■ **EXERCISE INPUTS**:

_ _ _ _ _ _ _

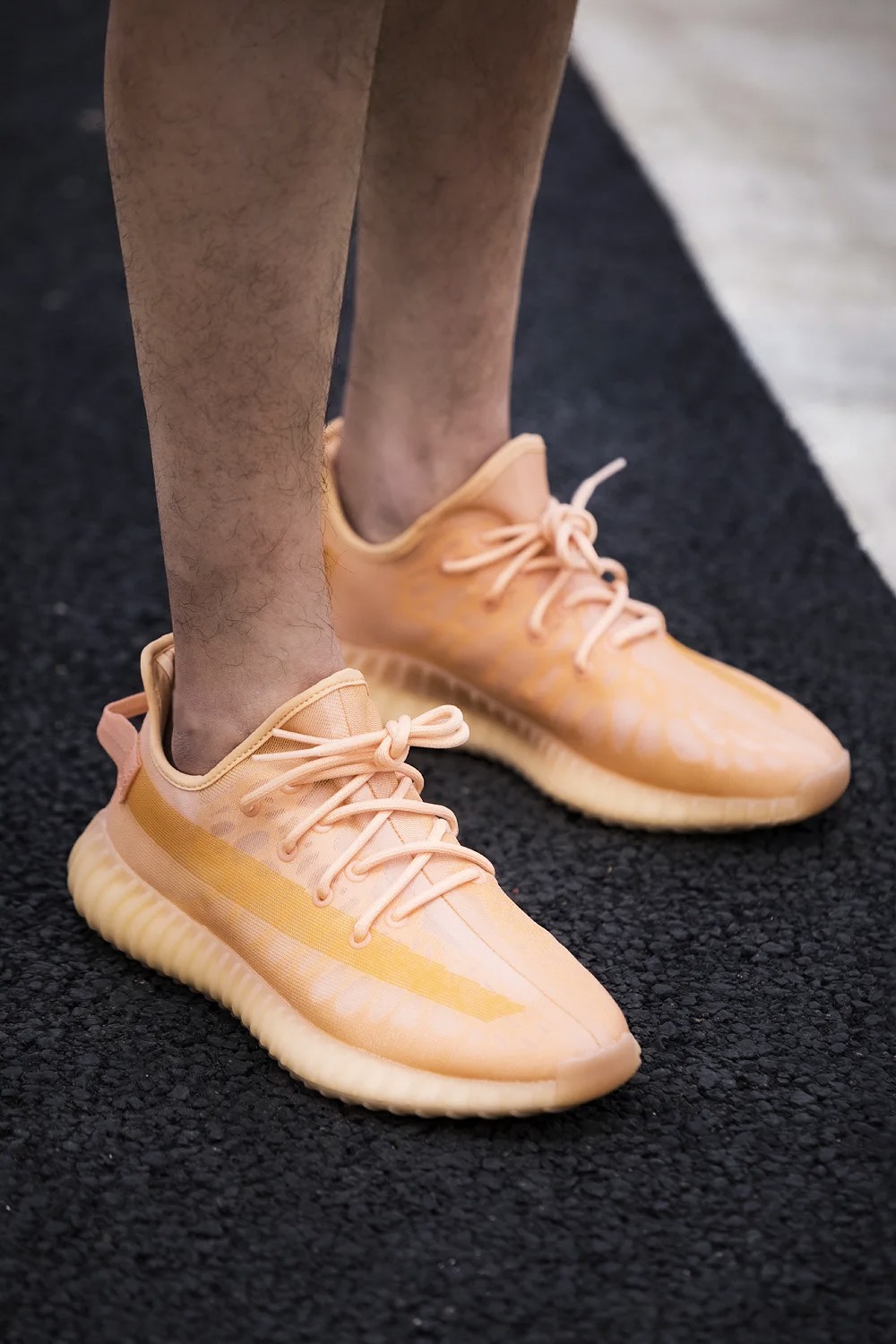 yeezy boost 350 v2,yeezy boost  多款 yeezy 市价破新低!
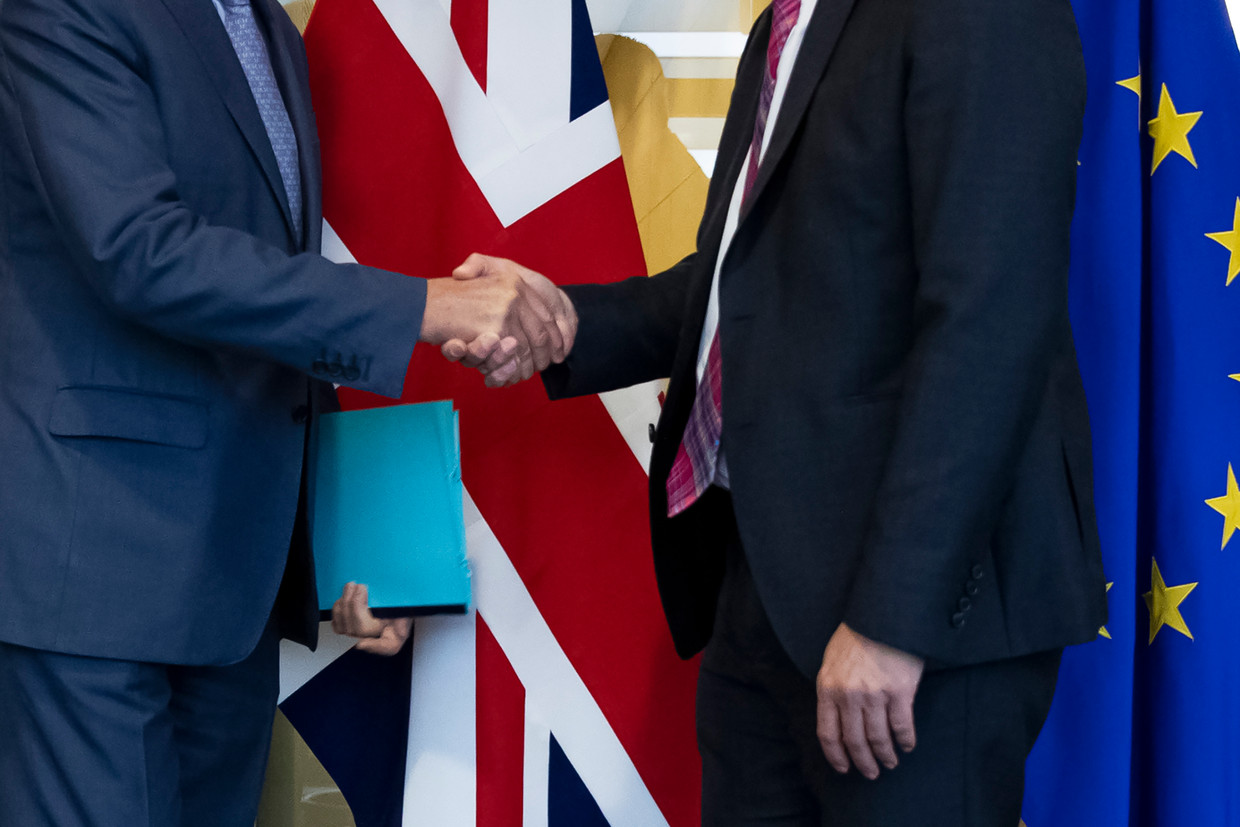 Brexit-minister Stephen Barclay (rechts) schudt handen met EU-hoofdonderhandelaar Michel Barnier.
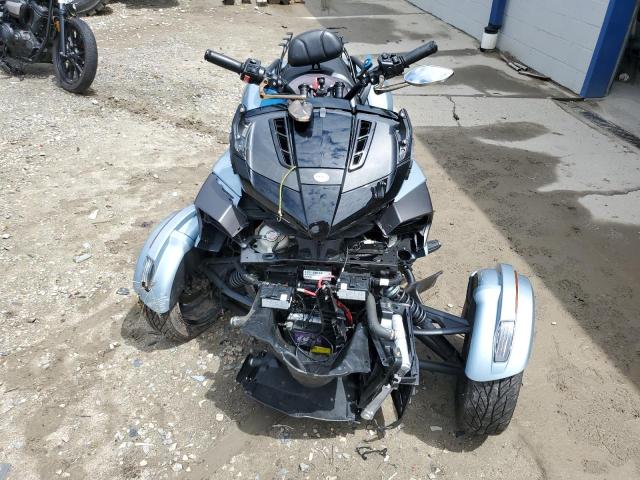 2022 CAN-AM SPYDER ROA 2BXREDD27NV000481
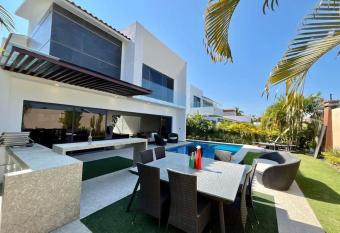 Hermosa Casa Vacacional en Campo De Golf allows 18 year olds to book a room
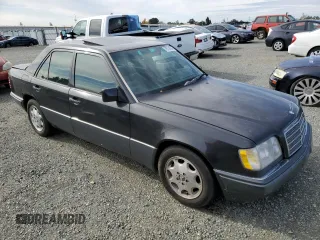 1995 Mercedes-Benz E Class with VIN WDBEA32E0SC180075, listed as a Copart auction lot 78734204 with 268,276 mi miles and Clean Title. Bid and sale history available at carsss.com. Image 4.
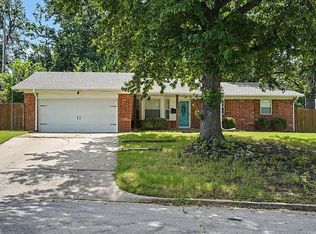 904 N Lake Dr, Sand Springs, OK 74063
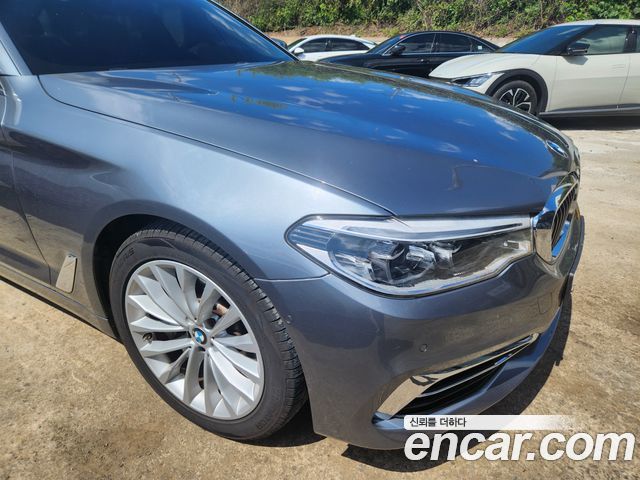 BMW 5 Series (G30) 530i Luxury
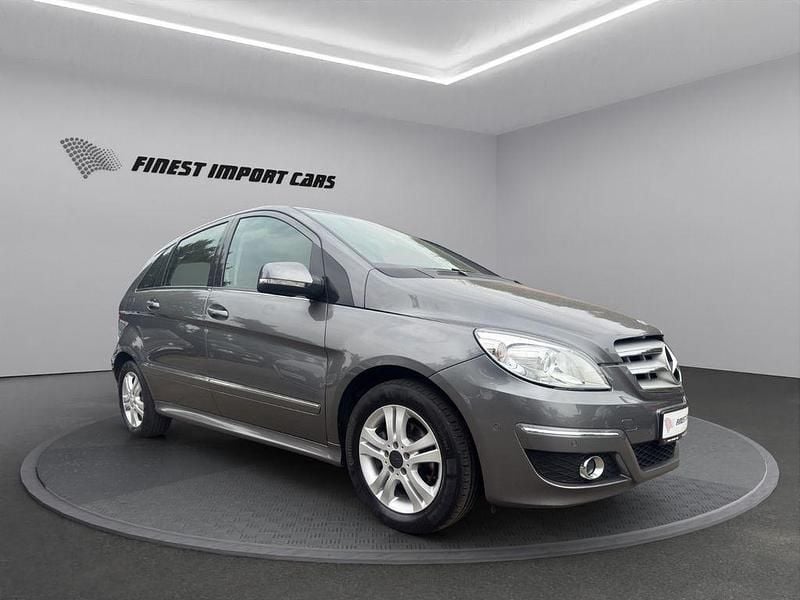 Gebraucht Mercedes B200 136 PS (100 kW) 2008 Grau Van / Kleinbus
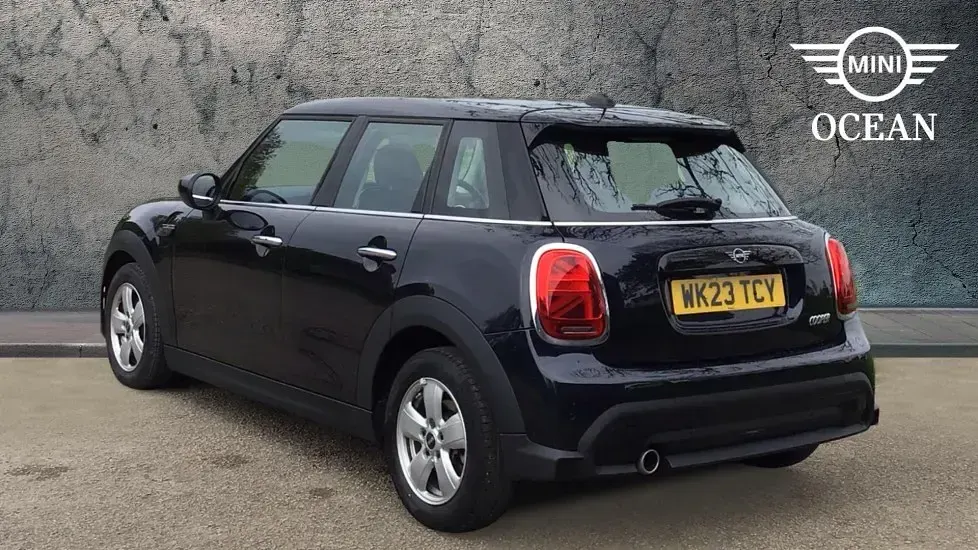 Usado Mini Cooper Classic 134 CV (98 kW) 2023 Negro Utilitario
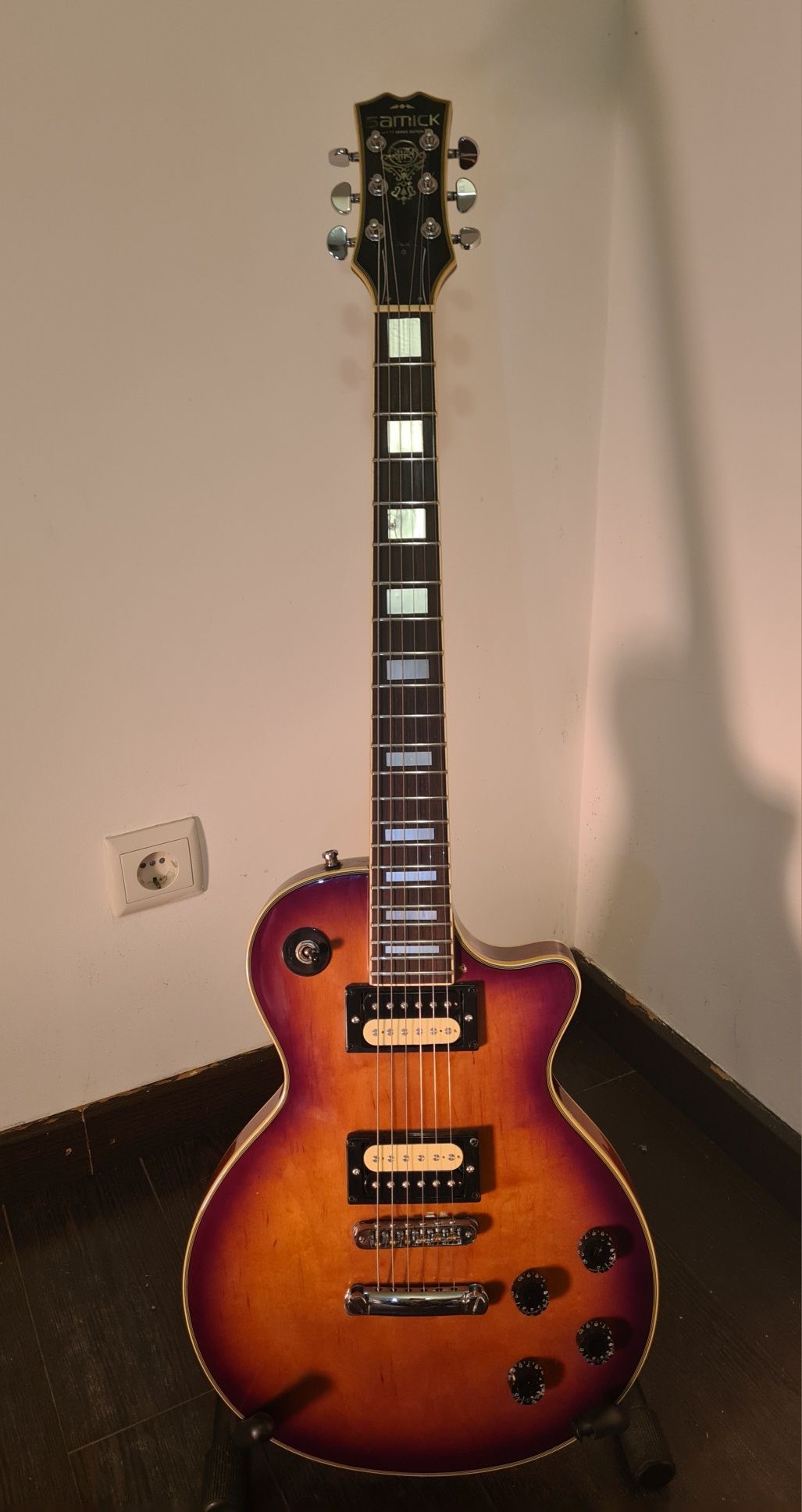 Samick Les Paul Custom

_ _ _ _ _ _ _

Nothing but the lines from the start of the listing through the line with "Hermosa Casa Vacacional" belongs in the answer, each one retyped exactly and without pictures.

 yeezy boost 350 v2,yeezy boost  多款 yeezy 市价破新低!
 Brexit-minister Stephen Barclay (rechts) schudt handen met EU-hoofdonderhandelaar Michel Barnier.
 2022 CAN-AM SPYDER ROA 2BXREDD27NV000481
 Hermosa Casa Vacacional en Campo De Golf allows 18 year olds to book a room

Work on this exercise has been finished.